“Every two days now we create as much information as we did from the dawn of civilization up until 2003” said Eric Schmidt from Google in 2010. Behind most of this information there is Big Data. And although we Internet users contribute mostly to that vast data, we get little or nothing back. But what is big data? Big data is so far a closed shop with a wealth of information that urgently needs to change.
In older days most data, such as statistics, could be easily analyzed through a simple spreadsheet (e.g. Excel) or a database. Such data had hundreds or thousands of rows of information. It often needed to be collected in a survey form by a person walking door to door. But nowadays, data is collected 24/7 as we all browse and interact through the Internet. Let’s take for example log files: When you browse a website, all your clicks are saved in a log file with your ip address, your browser and a lot more. Now, imagine a website with millions of visitors, who are all protocolled. With mobile phones we now easily leave digital footprints wherever we are; just look at Twitter, which has about 6 Terabytes of tweets every day. These millions of rows are Big Data.

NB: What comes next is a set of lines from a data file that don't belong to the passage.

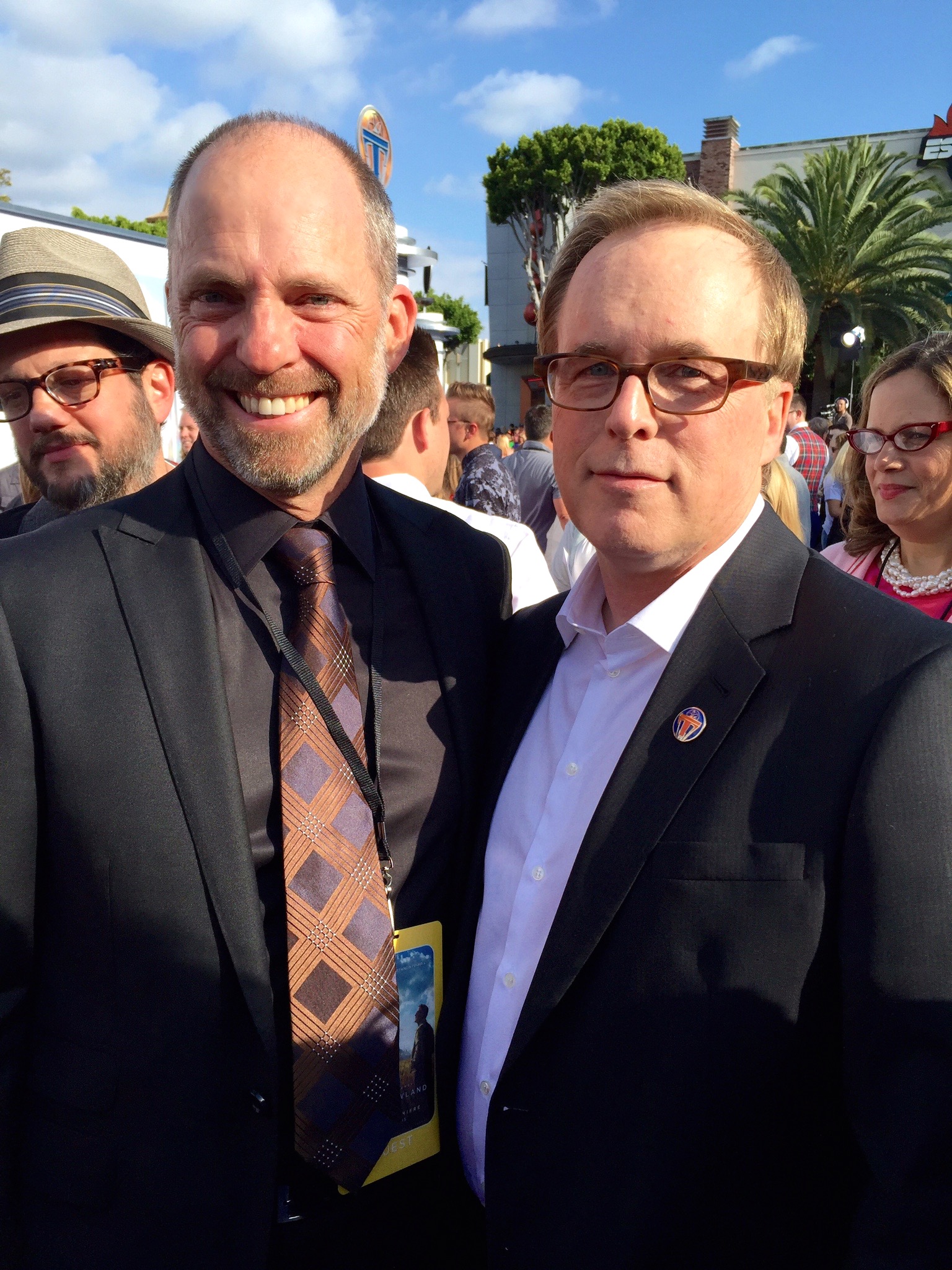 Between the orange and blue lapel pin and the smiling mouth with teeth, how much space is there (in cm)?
91

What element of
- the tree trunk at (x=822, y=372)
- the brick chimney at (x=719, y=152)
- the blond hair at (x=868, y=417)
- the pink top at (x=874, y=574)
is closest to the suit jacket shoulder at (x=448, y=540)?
the pink top at (x=874, y=574)

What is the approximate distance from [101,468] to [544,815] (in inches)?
67.1

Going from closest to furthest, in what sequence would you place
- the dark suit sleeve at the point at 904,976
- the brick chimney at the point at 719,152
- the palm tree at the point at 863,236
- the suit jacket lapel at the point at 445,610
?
the dark suit sleeve at the point at 904,976 → the suit jacket lapel at the point at 445,610 → the palm tree at the point at 863,236 → the brick chimney at the point at 719,152

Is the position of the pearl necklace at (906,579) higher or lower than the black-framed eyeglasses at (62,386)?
lower

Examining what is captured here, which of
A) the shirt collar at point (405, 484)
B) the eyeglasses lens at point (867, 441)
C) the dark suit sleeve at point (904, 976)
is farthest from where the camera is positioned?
the shirt collar at point (405, 484)

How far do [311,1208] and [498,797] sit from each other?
76 cm

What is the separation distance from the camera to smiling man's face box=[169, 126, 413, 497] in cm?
166

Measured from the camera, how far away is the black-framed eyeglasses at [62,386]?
99.1 inches

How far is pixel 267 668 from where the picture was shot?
1.68 m

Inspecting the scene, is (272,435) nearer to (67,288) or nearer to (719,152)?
(67,288)

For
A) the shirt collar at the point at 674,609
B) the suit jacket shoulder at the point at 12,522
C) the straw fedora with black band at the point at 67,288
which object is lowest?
the shirt collar at the point at 674,609

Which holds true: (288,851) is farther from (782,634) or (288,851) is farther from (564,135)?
(564,135)

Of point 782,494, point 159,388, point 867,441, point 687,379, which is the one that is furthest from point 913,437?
point 159,388

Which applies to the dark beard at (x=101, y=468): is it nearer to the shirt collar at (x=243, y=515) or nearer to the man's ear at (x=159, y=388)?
the man's ear at (x=159, y=388) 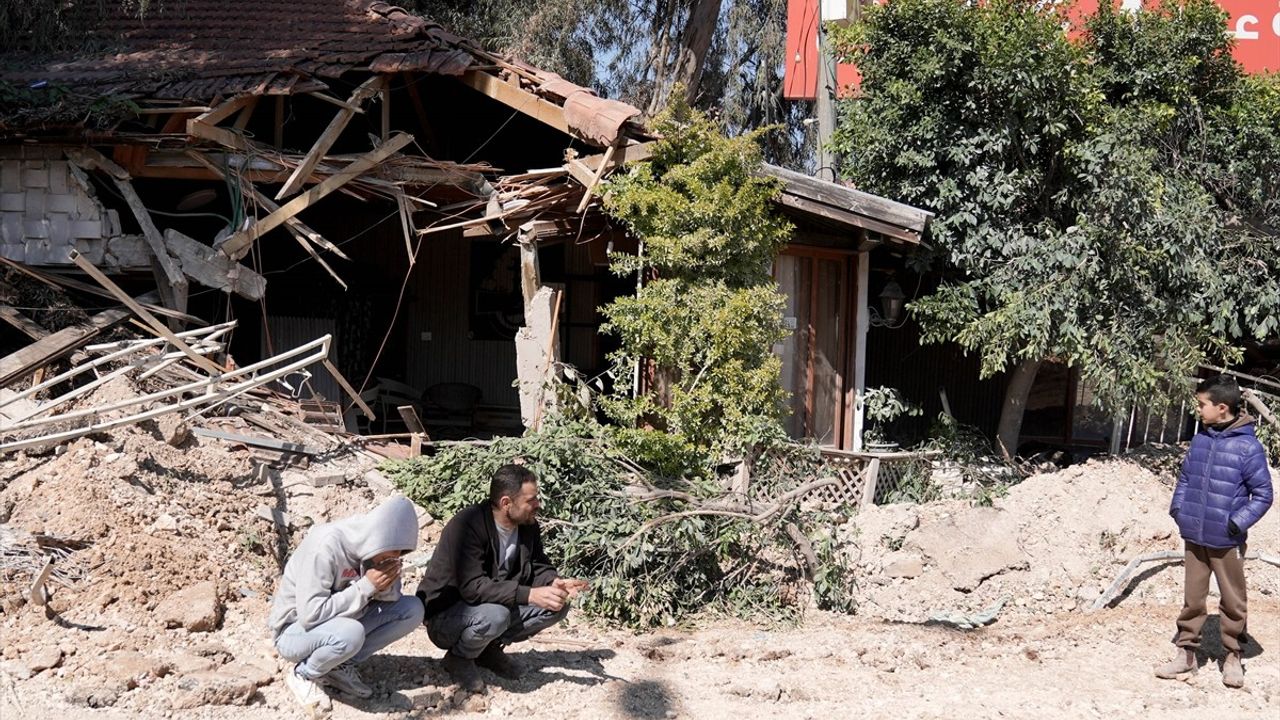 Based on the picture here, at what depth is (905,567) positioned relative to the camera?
816 centimetres

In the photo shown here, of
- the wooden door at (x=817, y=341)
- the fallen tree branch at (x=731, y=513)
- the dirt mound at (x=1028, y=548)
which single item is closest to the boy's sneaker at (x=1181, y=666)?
the dirt mound at (x=1028, y=548)

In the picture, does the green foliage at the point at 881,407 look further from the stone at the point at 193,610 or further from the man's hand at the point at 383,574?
the man's hand at the point at 383,574

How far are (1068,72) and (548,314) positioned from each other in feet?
17.6

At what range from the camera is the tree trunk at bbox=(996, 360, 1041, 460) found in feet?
36.2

But here lies a problem. Big data is a little bit like open data. Many talk about it and only a tiny fraction is offered publicly even worse, half of government data is not usable. Governments sit on huge chunks of data, but like the corporate sector, share almost no data. If such data were open it would be possible to develop greater information services or held governments accountable easier. But shall all big data be opened?
Some argue that collection of data is a privacy nightmare. For example, in the case of the smart meter, your company knows by your electric consumption when you are on holidays and when you normally go to bed at night. Initially, this was meant to achieve a more responsible energy consumption. With a smart meter, electric consumption data is sent every few minutes, whereas in the old days it was read only once a year. No doubt big data can contain a lot of sensitive information and for a good reason it is not offered online.
A lot of data from consumers and citizens is collected, but one cannot have access to it. Imagine, if consumer rights organizations had access to anonymous transactions done through credit cards, you would get insight of the consumption habits of millions of people and would get to see on what the money is really spent. Many companies have such data; either they buy it or collect it themselves. So is the case of mobile providers, who have data about the movements of their clients. But hardly any company is sharing such data although science, media and civil society could benefit from it.
A study shows that tweets from Twitter can be used to analyze where an outbreak of Cholera happens first long before the media or government realizes it. Michael J. Paul and Mark Dredze used Twitter to analyze the situation of public health in the USA. They could locate the degree of various illnesses and deceases across the country. Or the Indiana University Center for Complex Networks and Systems Research has some interesting network analyzes on how worldwide protests are reflected on Twitter. It says a lot that most such data analysis is done with data from one company.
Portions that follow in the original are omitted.